Tony and Tatiana inside the mosque. The mosque’s dome partially visible above.
Stalls selling souvenirs in the street directly in front of the Isa Bey Mosque.
Ruins of a hammam (bathhouse) south of the Isa Bey Mosque. Two stone domes, one partly collapsed, in view.
A single column marking the site of the Temple of Artemis. This column was re-erected from fragments found on the site. The ancient city of Ephesus was once famed for the Temple of Artemis, which was considered one of the Seven Wonders of the Ancient World. The temple, dedicated to the goddess of fertility and birth, was completed circa 520 BC and destroyed many times over the centuries with its final destruction occurring in 401 AD. Several columns were then re-used in the construction of the Hagia Sophia church, located 450 miles north in Constantinople (Istanbul).
Ruins of the Basilica of St John in the near distance. Stone walls and the remains of columns can be seen. The basilica was constructed by Justinian I in the 6th century AD. It stands over the believed burial site of John the Apostle.

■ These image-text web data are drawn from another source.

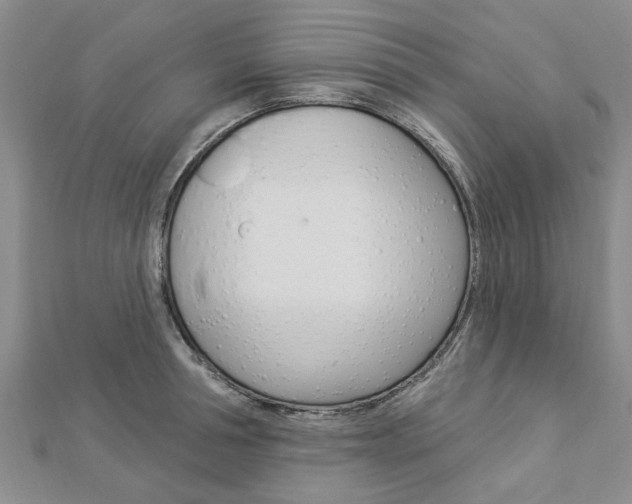 X0000112920994200908241027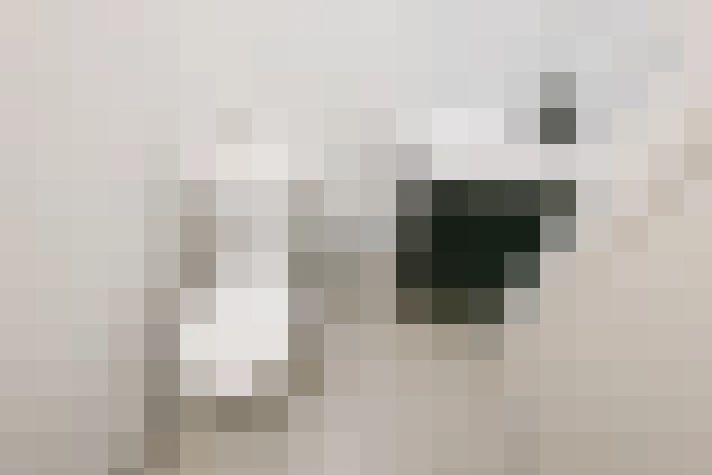  / #14
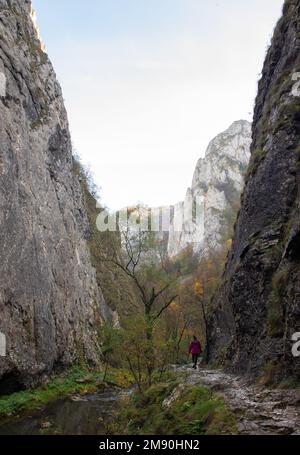 Paysage des gorges de Turda - Roumanie, canyon Banque D'Images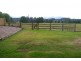 1328 Waterfall Way, Bellingen NSW 2454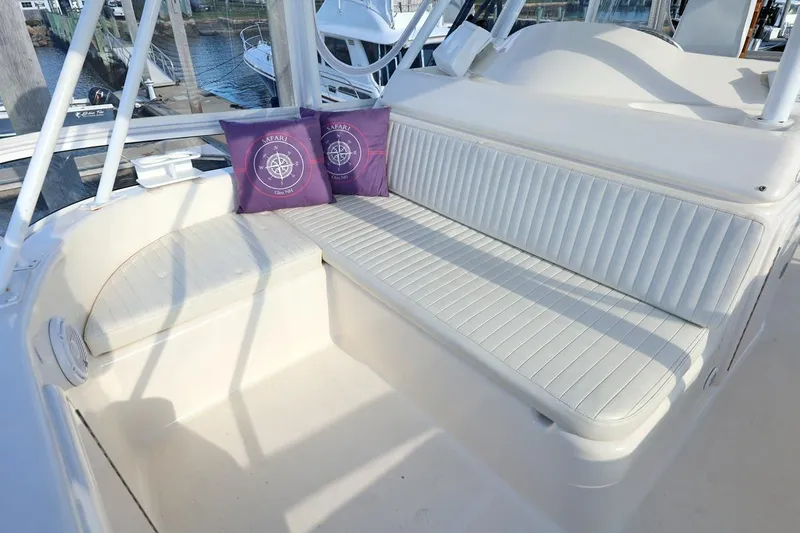 Slide: The Image of SAFARI - 11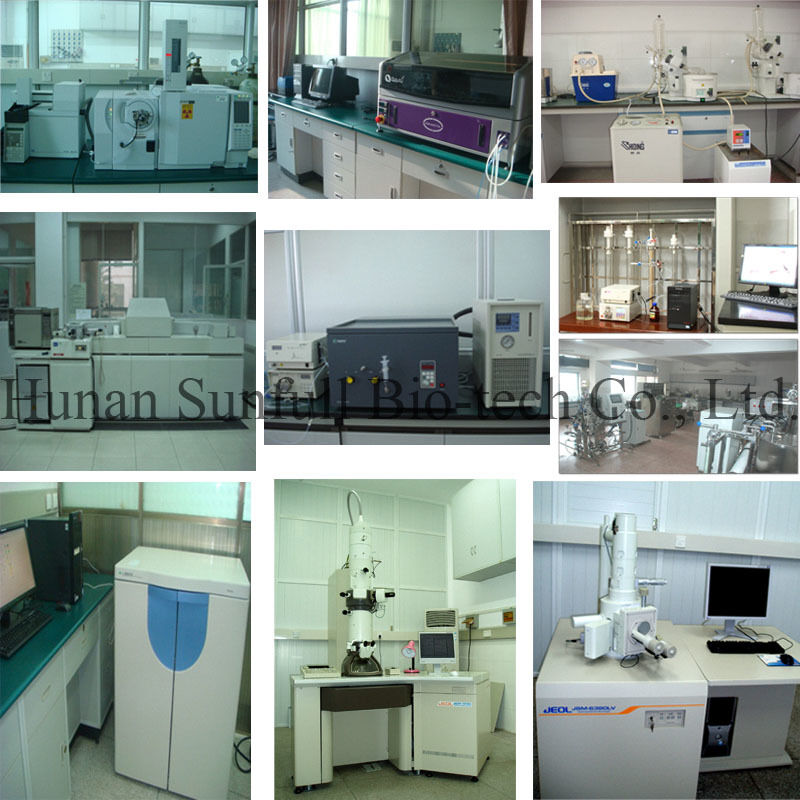Eucommia Leaf Extract 5%-99% Chlorogenic Acid in Stock CAS 327-97-9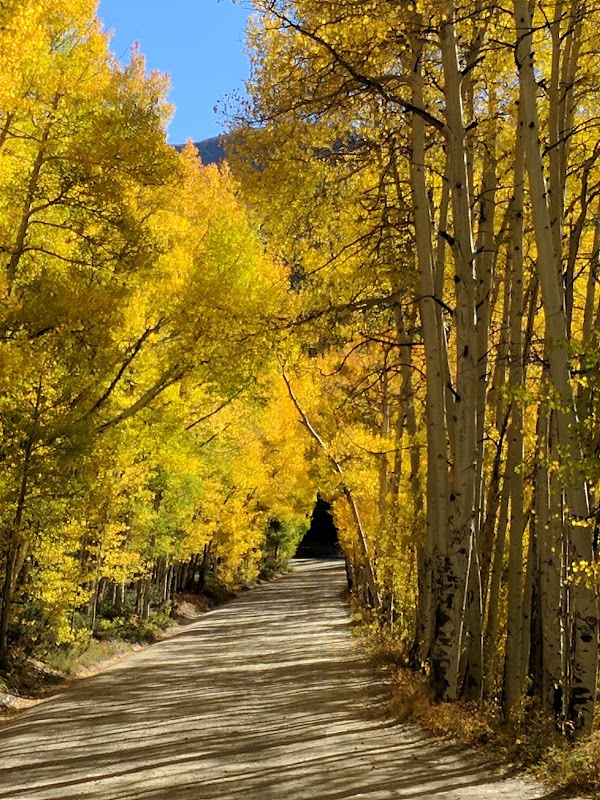Boreas Pass 1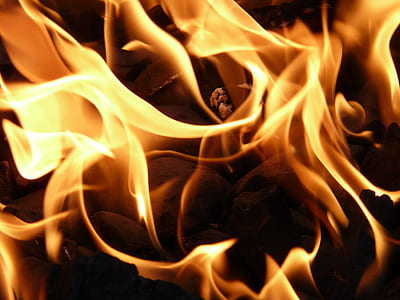 close up view of yellow fire thumbnail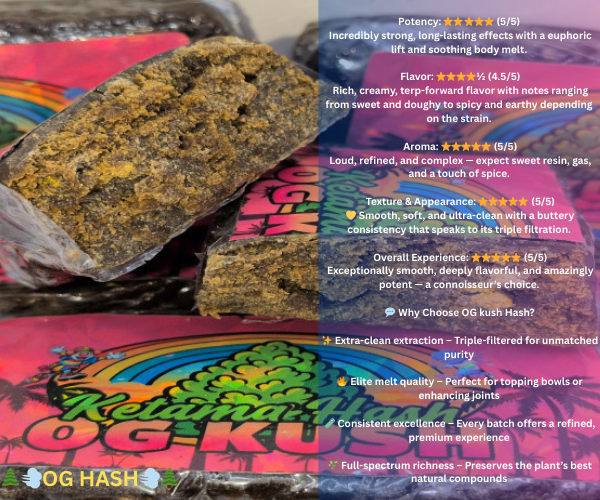 Wonka’s Hash Bar 🎩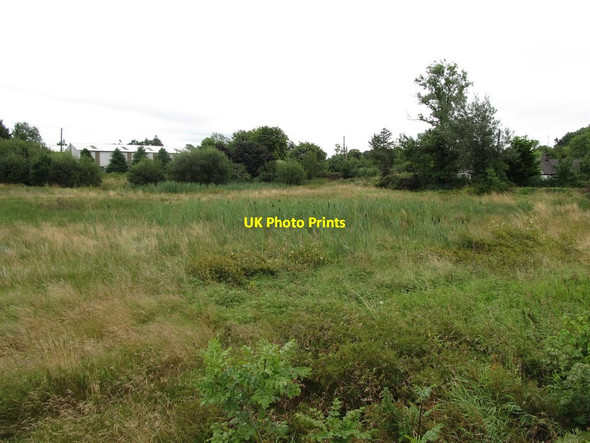 Photo 6"x4" Bogland adjoining Killyrue Cross Roads Madabawn c2013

Further in the distance, the high stone walls of the Grand Fortress (Ayasuluk Fortress), standing on top of Ayasuluk Hill, on the north-west edge of Selçuk town.
The remains of the ancient Greek city of Ephesus stand 3 kilometres (1.8 miles) from the modern town of Selçuk. The city was once a port on the Aegean Sea, but is today 8 kilometres (5 miles) inland. It was founded in the 10th century BC by Attic and Ionian Greek colonists. During the Classical Greek era it was one of the twelve cities of the Ionian League. The city came under the control of the Roman Republic in 129 BC. In the Roman period, Ephesus had an estimated population of 33,600 to 56,000. Today over one million people visit the well preserved ruins each year.
These photos were taken by American tourist, not Tony.
The Odeon at Ephesus. A semi-circular theatre built into the hillside. Constructed in the 2nd century AD.
A row of three stone columns on Curetes Street close to the upper entrance.
Close-up of the top of one of the Ionic style columns.
A pair of carvings depicting male figures on the side of tall stone blocks.
Carving of the winged Roman goddess Nike on a stone block.
The Temple of Domitian. A reconstructed pair of columns with connecting lintels and walls behind. Built in the 1st century AD dedicated to a Roman Emperor Domitian.
Curetes Street heading downhill. This marble paved street is very slippery and well worn.
Part of Trajan’s Fountain. This structure was constructed in honour of Emperor Trajan in 104 AD.
Decoration on an arched entrance to Hadrian’s Temple. A female head in the centre.
View of the well preserved remains of Hadrian’s Temple. Dedicated to Emperor Hadrian and built before 138 AD.
The front façade of the Celsus Library. One of Ephesus’s most impressive sites. This two storey library was built in around 117 AD.
Tony and Tatiana at the Celsus Library.
Tatiana and Tony in front of ruins close to the Celsus Library.
Inside the Theatre. Ephesus’s impressive theatre once had 25,000 seats.
Tuesday, 21st September 2014
A traditional mountain village located about 8 kilometres (5 miles) east of Selçuk town, Izmir Province, west Turkey.
A cobbled street lined with stalls selling local products in Sirince village.
A narrow street with a row of traditional houses. Sirince was settled when Ephesus was abandoned in the 15th Century, however, much of what is seen today dates from the 19th century.
Heading down a winding narrow street in Sirince village. Paintings for sale of the walls.
Inside St John the Baptist Church. This Greek Orthodox church is no longer in use.
People emerging from the entrance doorway of St John the Baptist Church. The church has recently been restored according to a sign outside.
Courtyard outside St John the Baptist Church. A circular water feature standing in the centre.
Samos Island, North Aegean Region, Greece
Located in the East Aegean Sea, south of Chios, north of Patmos and the Dodecanese, and off the coast of Turkey, from which it is separated by the 1.6 kilometre (1 mile) wide Mycale Strait.
Wednesday, 22nd September 2014
View of the harbour in Samos Town. A line of restaurants down the side.
A quiet part of Samos harbour with small fishing boats in the water.